逆転の思想-26-
                水道公論2004年11月号


 語学教育の改善

 最近、電車の吊り広告で、英会話学校の、我が国の語学教育への挑戦と受け止められるような広告が2枚組で出ているのをよく見る。主旨は、日本で6年間も英語の授業があるのに、話せない人が多い状況について、教育の内容がおかしくて、それを改善するため英語を話す国で育ったネイテイブスピーカーによる楽しい実践的な教育によって、効率的に上達できるというもの。言われる通り同感を示すものである。この広告は京都の地下鉄でも目にしたので相当広い範囲に広告していると思われる。出張先の駅前には必ず目にするほど、ネイテイブスピーカーを講師とする語学学校は全国至るところに急速に展開している。教育の現状の裏返しの気がする。

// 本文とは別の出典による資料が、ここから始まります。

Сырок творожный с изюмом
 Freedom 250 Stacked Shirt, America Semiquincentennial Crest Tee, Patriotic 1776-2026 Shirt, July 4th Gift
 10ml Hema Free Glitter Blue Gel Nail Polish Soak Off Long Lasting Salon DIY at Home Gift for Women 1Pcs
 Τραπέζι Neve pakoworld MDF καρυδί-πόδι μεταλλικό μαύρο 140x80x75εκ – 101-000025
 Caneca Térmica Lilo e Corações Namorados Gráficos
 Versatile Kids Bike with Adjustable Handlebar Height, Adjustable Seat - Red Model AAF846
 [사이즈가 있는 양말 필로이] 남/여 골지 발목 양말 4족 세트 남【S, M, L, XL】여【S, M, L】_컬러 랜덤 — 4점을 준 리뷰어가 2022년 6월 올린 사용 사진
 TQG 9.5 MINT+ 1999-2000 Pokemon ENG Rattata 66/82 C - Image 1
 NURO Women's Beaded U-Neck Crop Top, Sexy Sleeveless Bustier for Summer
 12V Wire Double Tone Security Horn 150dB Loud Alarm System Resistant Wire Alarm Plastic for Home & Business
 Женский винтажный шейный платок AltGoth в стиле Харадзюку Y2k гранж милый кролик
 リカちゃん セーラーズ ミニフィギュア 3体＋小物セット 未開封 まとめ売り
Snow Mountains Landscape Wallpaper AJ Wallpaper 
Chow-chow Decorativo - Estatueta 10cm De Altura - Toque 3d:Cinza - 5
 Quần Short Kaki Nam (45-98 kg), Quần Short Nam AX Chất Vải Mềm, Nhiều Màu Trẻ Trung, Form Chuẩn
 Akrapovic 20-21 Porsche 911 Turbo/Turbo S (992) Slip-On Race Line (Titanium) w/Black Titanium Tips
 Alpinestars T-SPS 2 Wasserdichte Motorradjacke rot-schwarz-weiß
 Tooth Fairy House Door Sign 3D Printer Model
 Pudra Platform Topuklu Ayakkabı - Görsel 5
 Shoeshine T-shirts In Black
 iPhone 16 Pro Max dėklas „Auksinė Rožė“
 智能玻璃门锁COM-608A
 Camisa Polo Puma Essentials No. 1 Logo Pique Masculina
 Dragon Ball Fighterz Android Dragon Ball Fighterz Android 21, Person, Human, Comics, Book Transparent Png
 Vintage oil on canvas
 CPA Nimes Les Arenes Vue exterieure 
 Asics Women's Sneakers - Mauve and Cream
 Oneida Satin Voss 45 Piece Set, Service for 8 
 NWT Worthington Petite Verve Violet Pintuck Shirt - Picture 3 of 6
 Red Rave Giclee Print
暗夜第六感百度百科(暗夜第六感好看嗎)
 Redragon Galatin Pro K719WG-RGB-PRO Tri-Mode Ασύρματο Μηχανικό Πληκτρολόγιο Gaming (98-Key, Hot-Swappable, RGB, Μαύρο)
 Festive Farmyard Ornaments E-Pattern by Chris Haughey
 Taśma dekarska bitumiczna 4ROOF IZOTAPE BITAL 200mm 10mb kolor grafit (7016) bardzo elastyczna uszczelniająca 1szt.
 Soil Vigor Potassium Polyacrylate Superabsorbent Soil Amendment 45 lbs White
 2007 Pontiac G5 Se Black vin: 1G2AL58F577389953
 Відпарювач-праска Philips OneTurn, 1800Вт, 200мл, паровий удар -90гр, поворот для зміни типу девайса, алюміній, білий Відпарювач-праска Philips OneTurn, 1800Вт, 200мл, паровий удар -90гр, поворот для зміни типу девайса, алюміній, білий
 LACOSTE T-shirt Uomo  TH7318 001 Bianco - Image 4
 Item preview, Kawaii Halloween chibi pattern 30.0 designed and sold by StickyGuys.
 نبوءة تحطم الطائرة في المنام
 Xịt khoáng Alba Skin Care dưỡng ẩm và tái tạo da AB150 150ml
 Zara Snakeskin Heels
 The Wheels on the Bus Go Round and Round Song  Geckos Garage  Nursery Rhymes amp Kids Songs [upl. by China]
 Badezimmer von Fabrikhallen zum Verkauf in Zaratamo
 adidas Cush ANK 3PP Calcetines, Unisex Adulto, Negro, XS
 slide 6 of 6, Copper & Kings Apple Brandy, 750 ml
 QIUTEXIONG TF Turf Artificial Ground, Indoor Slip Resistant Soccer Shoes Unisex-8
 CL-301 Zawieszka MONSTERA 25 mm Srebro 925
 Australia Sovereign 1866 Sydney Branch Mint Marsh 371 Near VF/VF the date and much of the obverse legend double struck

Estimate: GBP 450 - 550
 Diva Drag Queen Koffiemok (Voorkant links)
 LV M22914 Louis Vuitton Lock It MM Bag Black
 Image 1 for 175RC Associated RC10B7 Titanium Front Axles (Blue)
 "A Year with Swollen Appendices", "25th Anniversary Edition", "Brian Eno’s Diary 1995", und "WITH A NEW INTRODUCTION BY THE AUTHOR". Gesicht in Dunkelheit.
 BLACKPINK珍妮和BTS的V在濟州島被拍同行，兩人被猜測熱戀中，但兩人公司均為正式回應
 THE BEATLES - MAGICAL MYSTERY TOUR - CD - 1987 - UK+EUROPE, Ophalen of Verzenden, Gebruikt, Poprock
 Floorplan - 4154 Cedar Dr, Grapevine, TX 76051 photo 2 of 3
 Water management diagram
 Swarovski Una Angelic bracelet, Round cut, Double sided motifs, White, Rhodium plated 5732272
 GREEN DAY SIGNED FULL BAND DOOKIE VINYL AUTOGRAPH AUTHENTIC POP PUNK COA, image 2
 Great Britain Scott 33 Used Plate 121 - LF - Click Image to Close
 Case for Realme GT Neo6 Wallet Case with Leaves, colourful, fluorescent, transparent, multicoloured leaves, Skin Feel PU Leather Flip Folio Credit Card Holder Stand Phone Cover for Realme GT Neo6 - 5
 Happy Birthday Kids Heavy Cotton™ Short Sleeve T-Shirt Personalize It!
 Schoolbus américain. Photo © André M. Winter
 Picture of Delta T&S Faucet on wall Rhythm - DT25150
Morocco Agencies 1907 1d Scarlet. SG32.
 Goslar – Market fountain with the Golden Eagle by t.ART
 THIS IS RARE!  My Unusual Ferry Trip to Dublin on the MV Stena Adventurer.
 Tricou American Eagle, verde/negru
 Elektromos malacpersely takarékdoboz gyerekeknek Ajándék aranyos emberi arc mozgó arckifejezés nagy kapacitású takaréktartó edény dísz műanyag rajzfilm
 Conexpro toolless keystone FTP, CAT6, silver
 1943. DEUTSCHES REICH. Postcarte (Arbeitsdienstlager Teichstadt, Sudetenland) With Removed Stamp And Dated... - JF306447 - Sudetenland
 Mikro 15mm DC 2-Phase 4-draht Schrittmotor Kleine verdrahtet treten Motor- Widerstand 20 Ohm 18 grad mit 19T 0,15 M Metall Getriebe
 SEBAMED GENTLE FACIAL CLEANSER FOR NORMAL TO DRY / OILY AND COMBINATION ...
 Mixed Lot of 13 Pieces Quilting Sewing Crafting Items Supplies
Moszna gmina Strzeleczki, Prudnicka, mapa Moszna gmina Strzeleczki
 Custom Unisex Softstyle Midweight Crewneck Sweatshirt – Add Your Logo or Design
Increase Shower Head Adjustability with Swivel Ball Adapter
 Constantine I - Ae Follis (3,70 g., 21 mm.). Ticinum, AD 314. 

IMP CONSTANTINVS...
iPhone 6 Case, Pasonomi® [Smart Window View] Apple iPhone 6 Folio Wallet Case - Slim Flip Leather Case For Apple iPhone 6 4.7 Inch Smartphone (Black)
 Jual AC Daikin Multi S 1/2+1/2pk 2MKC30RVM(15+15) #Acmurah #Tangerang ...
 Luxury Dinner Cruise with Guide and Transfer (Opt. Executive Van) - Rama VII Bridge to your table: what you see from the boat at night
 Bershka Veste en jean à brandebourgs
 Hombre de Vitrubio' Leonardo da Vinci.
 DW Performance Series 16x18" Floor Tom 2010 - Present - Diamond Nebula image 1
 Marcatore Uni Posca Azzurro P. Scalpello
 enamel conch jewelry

 大学進学率が50%と高い国で、話せる人が少ないのは確かにおかしい。原因として、読解力が重視されてきたことがある。外国にいくことが非常に希で、本を読んで内容が吸収できればよかった時代から、聞き取れ、話せ、意思疎通など会話が重要になっている時代への展開が遅れている。
 効率的な学習も大きな課題である。義務教育ほど護送船団的なものはない。平均に押し込めようとしている感がある。特に入学試験では、一定範囲を超える出題がなされず、限られた範囲で重箱の隅を掘るような出題状態になっていて、無駄な努力を強いている感がある。特定の科目に秀でた受験生が評価されず、失点の少ない受験生が合格するようになっている。
 教育の改善方策としてITの適正な活用がある。人件費が非常に高い国であるので、安いパソコンを使って学習能率を上げる工夫ができる。楽しく、実践的であるように工夫されたパソコン対話型の語学教育で習熟度に応じた効率的な学習が可能になる。子供は難しいゲームもすぐマスターしてしまうので、ゲーム並みの対話型ソフトを作れば、先生が十分な知識を習得しなくても、学習が進む。また正確な外国語による語学の聞き取りもできる。パソコンでの学習能率は自分の場合を考えると、3倍は上がると考えられる。学校へのパソコンの導入が実施されているが、パソコンを教えるというだけで本格的なものには見えない。
 一方、きめ細かい教育も可能である。パソコンでの学習時間を例えば2/3にすると生徒を3つにグループ分けして小グループでの生徒の特性に応じた授業ができる。
 数学でも同じことが言える。
 教えることの内容、教育システムなど、遅れを早期改善していく必要がある。